■ Data to use:
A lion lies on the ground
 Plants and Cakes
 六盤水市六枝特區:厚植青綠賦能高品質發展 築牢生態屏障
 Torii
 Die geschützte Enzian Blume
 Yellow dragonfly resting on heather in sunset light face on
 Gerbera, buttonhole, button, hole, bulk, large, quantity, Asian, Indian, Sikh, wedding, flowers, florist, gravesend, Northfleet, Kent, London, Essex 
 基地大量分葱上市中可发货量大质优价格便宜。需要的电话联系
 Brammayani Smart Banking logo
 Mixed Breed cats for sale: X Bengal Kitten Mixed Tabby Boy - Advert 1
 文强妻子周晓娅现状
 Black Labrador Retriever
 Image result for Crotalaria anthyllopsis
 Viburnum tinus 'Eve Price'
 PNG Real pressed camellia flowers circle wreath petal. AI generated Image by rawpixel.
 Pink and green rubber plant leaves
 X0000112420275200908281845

■ How to complete this task: Extract the listing in its entirety and repeat it exactly.

■ Solved exercise:
A lion lies on the ground
 Plants and Cakes
 六盤水市六枝特區:厚植青綠賦能高品質發展 築牢生態屏障
 Torii
 Die geschützte Enzian Blume
 Yellow dragonfly resting on heather in sunset light face on
 Gerbera, buttonhole, button, hole, bulk, large, quantity, Asian, Indian, Sikh, wedding, flowers, florist, gravesend, Northfleet, Kent, London, Essex 
 基地大量分葱上市中可发货量大质优价格便宜。需要的电话联系
 Brammayani Smart Banking logo
 Mixed Breed cats for sale: X Bengal Kitten Mixed Tabby Boy - Advert 1
 文强妻子周晓娅现状
 Black Labrador Retriever
 Image result for Crotalaria anthyllopsis
 Viburnum tinus 'Eve Price'
 PNG Real pressed camellia flowers circle wreath petal. AI generated Image by rawpixel.
 Pink and green rubber plant leaves
 X0000112420275200908281845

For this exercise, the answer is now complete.